* WHAT YOU NEED TO DO: What you give back must match the data below character for character.

* THE RECORDS:
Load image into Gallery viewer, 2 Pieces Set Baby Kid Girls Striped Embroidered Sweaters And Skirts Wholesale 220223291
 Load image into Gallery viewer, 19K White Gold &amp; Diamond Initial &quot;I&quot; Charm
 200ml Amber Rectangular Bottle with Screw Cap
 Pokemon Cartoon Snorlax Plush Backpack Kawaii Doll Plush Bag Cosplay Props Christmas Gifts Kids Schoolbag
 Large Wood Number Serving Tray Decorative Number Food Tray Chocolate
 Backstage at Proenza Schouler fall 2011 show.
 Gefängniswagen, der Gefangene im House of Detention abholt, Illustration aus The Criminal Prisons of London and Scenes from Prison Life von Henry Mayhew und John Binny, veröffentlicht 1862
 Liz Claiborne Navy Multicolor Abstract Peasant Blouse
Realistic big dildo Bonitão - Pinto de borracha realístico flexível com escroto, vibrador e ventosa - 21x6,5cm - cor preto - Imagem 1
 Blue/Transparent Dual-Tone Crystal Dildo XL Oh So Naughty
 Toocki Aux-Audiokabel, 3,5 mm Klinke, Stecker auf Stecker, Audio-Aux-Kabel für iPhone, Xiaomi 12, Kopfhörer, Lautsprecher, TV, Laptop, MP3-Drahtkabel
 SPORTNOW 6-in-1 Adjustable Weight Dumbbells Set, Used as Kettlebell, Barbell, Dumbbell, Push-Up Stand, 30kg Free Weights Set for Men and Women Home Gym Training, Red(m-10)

* FINISHED EXERCISE:
Load image into Gallery viewer, 2 Pieces Set Baby Kid Girls Striped Embroidered Sweaters And Skirts Wholesale 220223291
 Load image into Gallery viewer, 19K White Gold &amp; Diamond Initial &quot;I&quot; Charm
 200ml Amber Rectangular Bottle with Screw Cap
 Pokemon Cartoon Snorlax Plush Backpack Kawaii Doll Plush Bag Cosplay Props Christmas Gifts Kids Schoolbag
 Large Wood Number Serving Tray Decorative Number Food Tray Chocolate
 Backstage at Proenza Schouler fall 2011 show.
 Gefängniswagen, der Gefangene im House of Detention abholt, Illustration aus The Criminal Prisons of London and Scenes from Prison Life von Henry Mayhew und John Binny, veröffentlicht 1862
 Liz Claiborne Navy Multicolor Abstract Peasant Blouse
Realistic big dildo Bonitão - Pinto de borracha realístico flexível com escroto, vibrador e ventosa - 21x6,5cm - cor preto - Imagem 1
 Blue/Transparent Dual-Tone Crystal Dildo XL Oh So Naughty
 Toocki Aux-Audiokabel, 3,5 mm Klinke, Stecker auf Stecker, Audio-Aux-Kabel für iPhone, Xiaomi 12, Kopfhörer, Lautsprecher, TV, Laptop, MP3-Drahtkabel
 SPORTNOW 6-in-1 Adjustable Weight Dumbbells Set, Used as Kettlebell, Barbell, Dumbbell, Push-Up Stand, 30kg Free Weights Set for Men and Women Home Gym Training, Red(m-10)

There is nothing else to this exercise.